Matt Wiet

Personal information
- Full name: Matthew Wiet
- Date of birth: September 23, 1990 (age 35)
- Place of birth: Columbus, Ohio, United States
- Height: 5 ft 11 in (1.80 m)
- Position: Defender

Youth career
- 2008–2009: Columbus Crew
- 2009: Indiana Hoosiers
- 2010–2012: UCLA Bruins

Senior career*
- Years: Team / Apps / (Gls)
- 2011–2013: Ventura County Fusion / 17 / (1)
- 2013: Dayton Dutch Lions / 4 / (0)
- 2014: Columbus Crew / 0 / (0)
- 2014: → Dayton Dutch Lions (loan) / 19 / (0)

International career
- 2009: United States U20 / 1 / (0)

= Matt Wiet =

American former soccer player (born 1990)

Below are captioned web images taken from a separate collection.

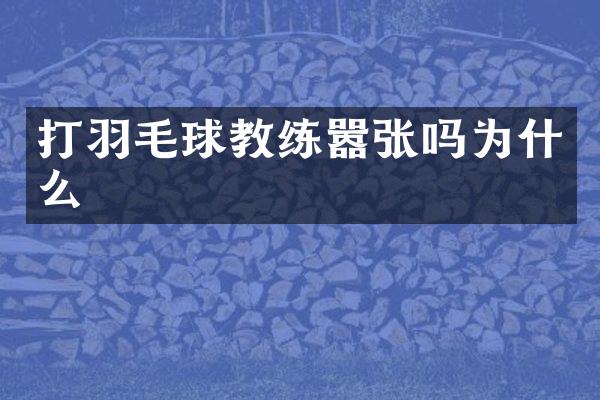 打羽毛球教练嚣张吗为什么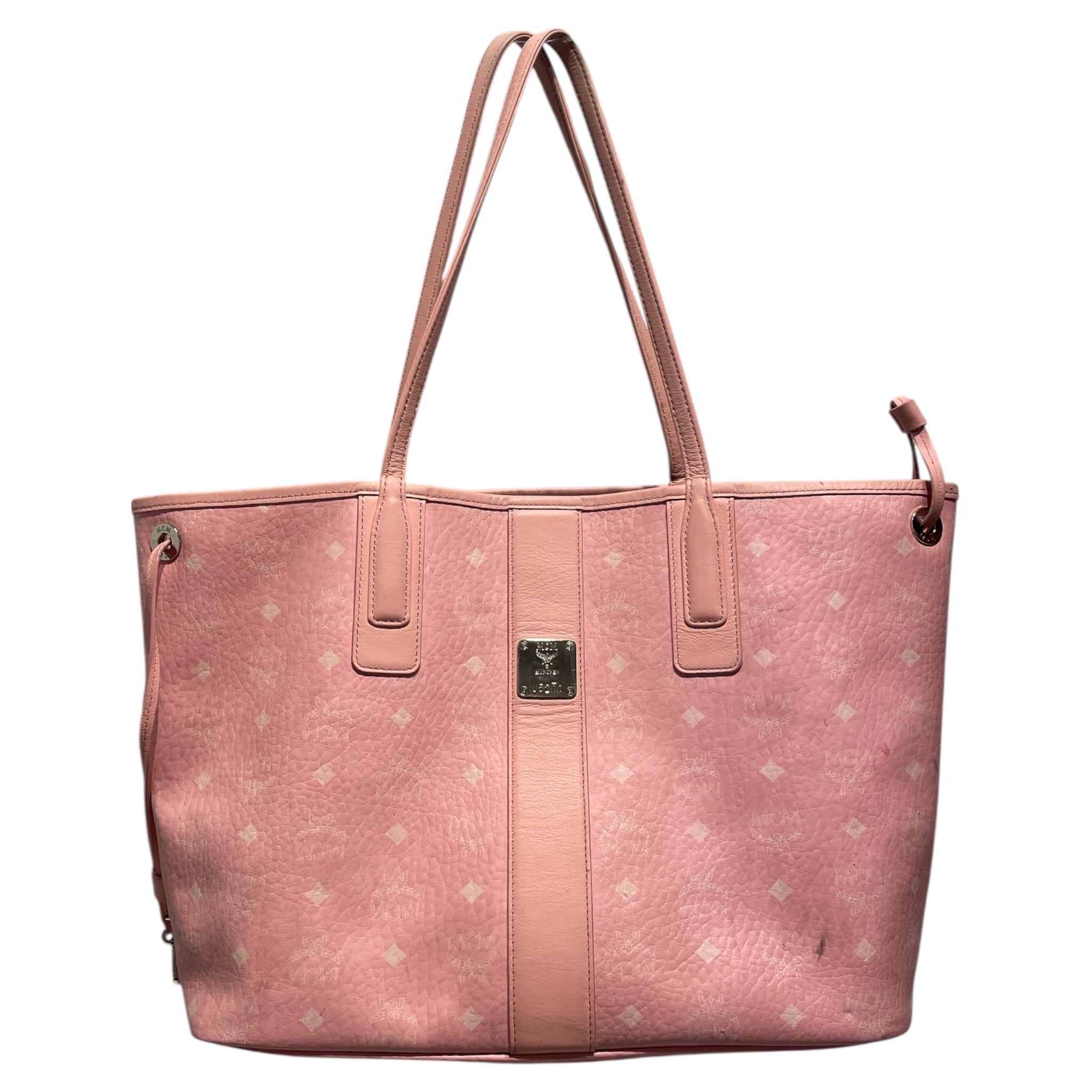 MCM/Tote Bag/Monogram/PNK/Pink Visestos Shopper Tote view 1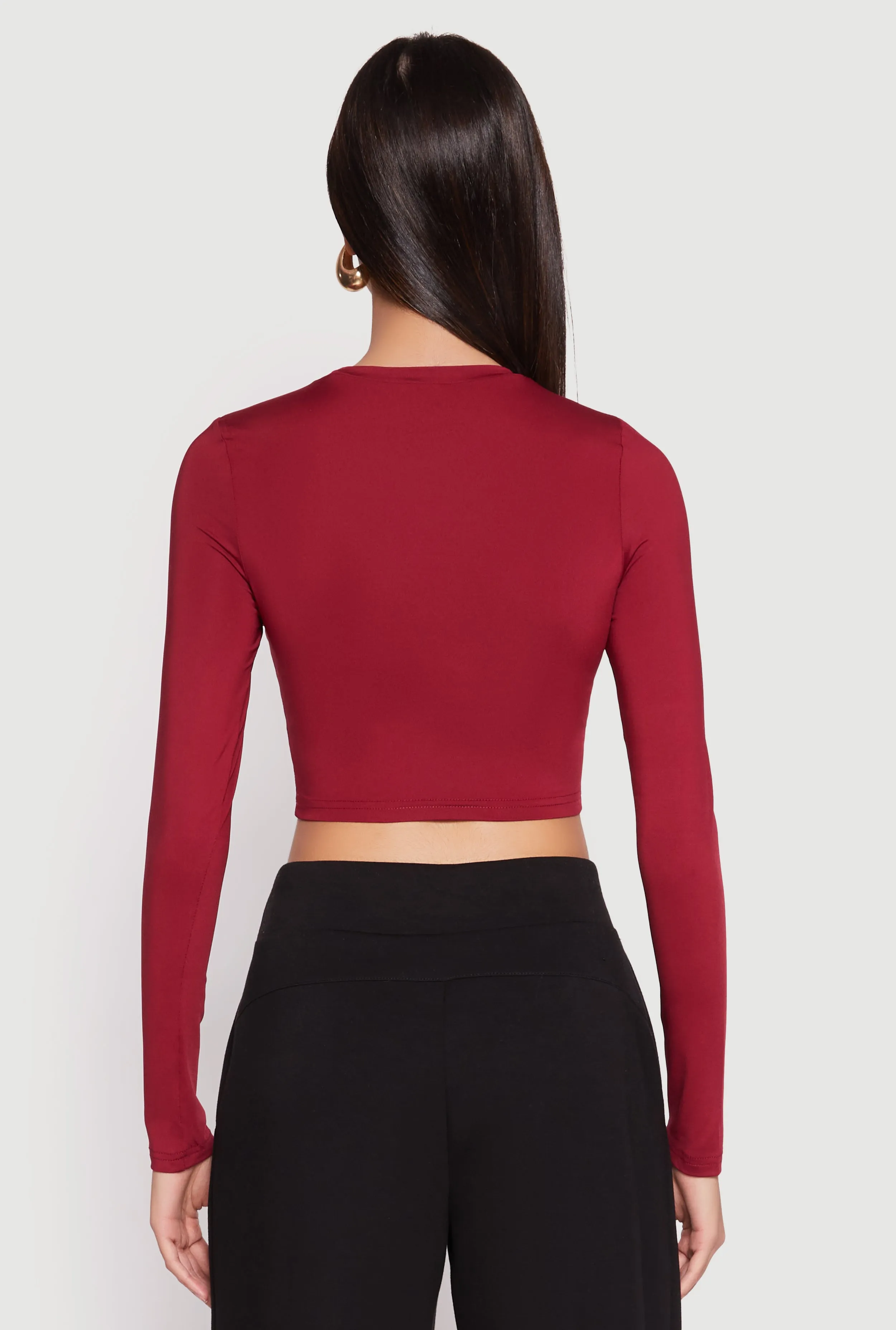 Daisy Long Sleeve High Neck Crop Top sold by Rainbow product image thumbnail 5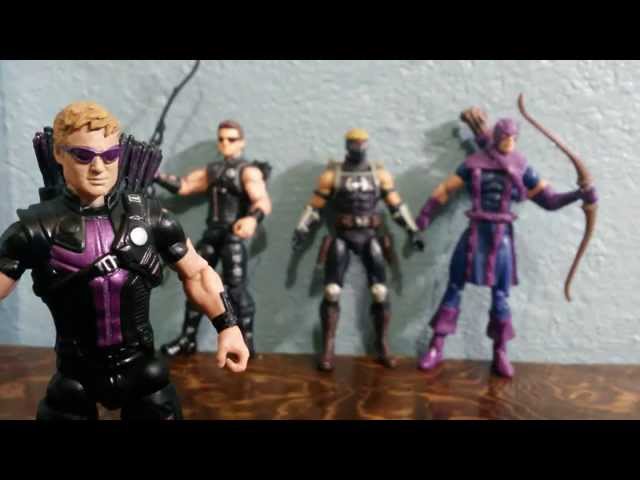 Vídeo relacionado con Marvel Hawkeye Retro Classic Pose Bow Arrow Camiseta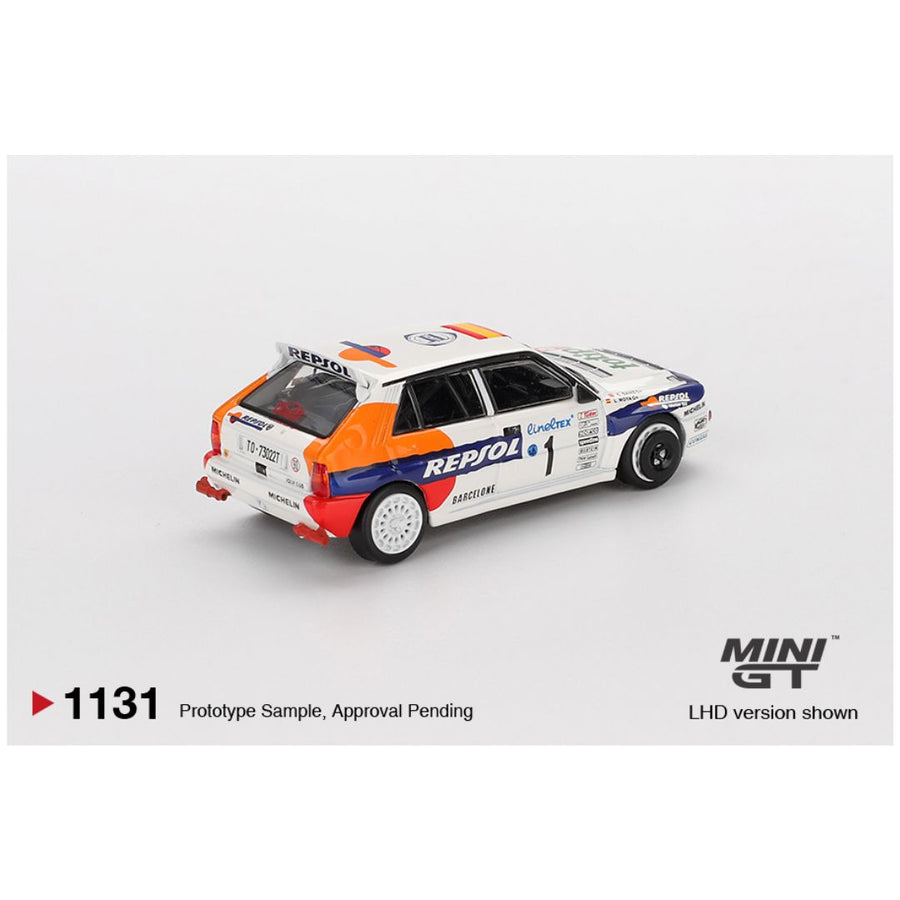 Mini GT Blister #1131: Lancia Delta HF Integrale Evoluzione #1 1993 Rallye Monte-Carlo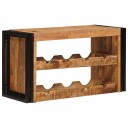 vidaXL Vinhylle Brun 100 x 45 x 33 cm Solid Grov Mango Tre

Matthew Wiet (born September 23, 1990) is an American former soccer player who last played for the Columbus Crew in Major League Soccer.

==Career==
===Youth, college and amateur===
Wiet attended Worthington Kilbourne High School, where he was named a two-time All-Ohio and All-District honoree and OSSCA First Team selection. He also played for the Crew Soccer Academy, reaching the U.S. Soccer Under-18 Development Academy National Tournament Semifinals, finishing the 2008 campaign ranked third nationally.
Wiet began his college soccer at Indiana University in 2010, before transferring to UCLA in 2011. At Indiana Wiet was named to the 2009 Big Ten All-Freshman Team after making 20 starts for the Hoosiers. At UCLA he started on the back line for three years and was the three-time recipient of NSCAA All-Region honors.

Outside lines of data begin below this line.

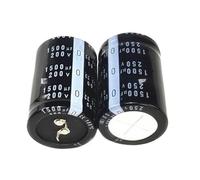 UCJTPCVI Condensatore elettrolitico in Alluminio 2 Pezzi 200 V 250 V 1200 UF 1500 UF 1800 UF 2200 UF 25 * 50 30 * 30 30 * 35 30 * 40 30 * 45 35 * 30 35 * 50 35 * 70 MM(250V1500UF 30x30mm)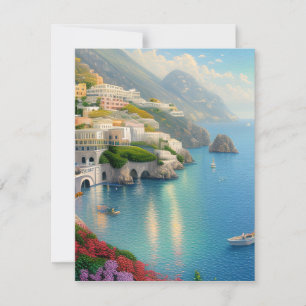 Die Küste von Amalfi ist eine der schönsten Feiertagskarte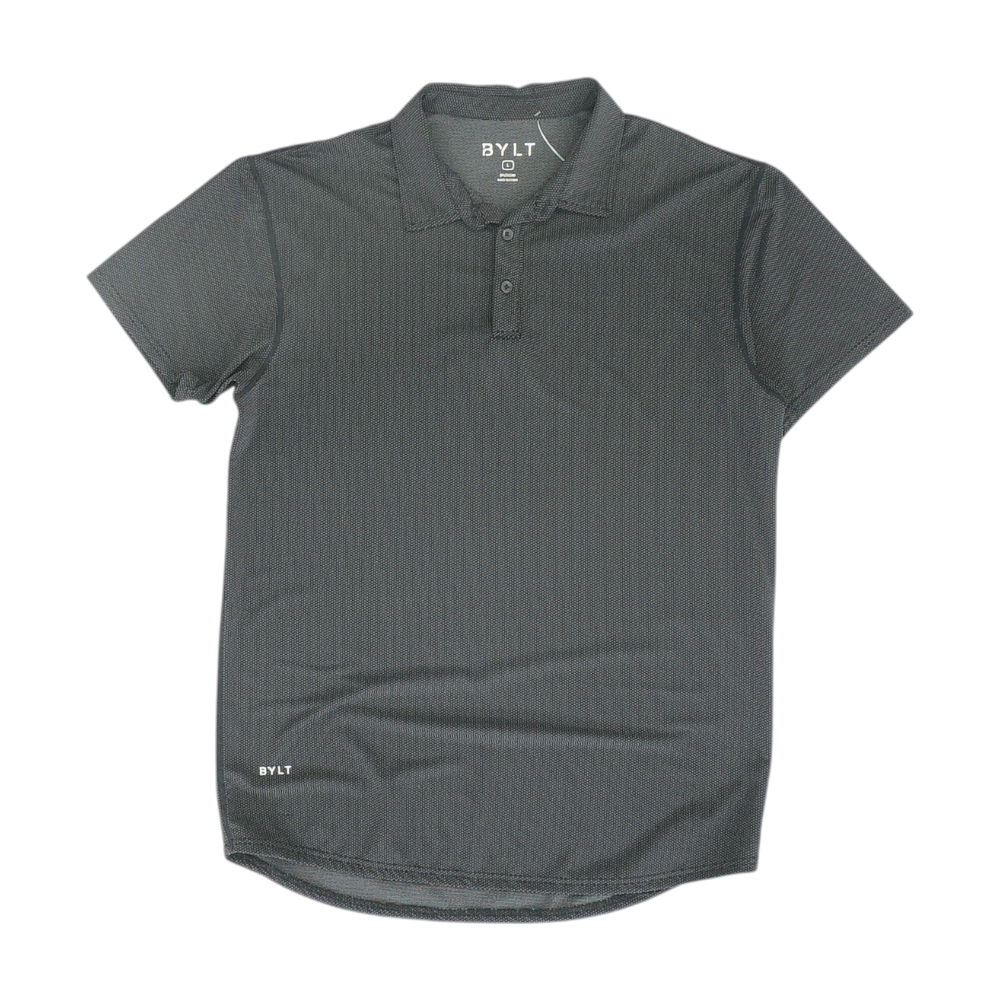 Black Polka Dot Short Sleeve Polo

During his time at UCLA, Wiet also appeared for USL Premier Development League club Ventura County Fusion.

===Professional===
Wiet signed his first professional contract with USL Pro club Dayton Dutch Lions on July 3, 2013, where he would go on to make four first-team appearances.

On November 26, 2013, Wiet signed a homegrown contract with Major League Soccer club Columbus Crew.

===International===
Wiet also made an appearance for the U.S. under-20 national team on July 2, 2009, in a 1–1 draw with Egypt.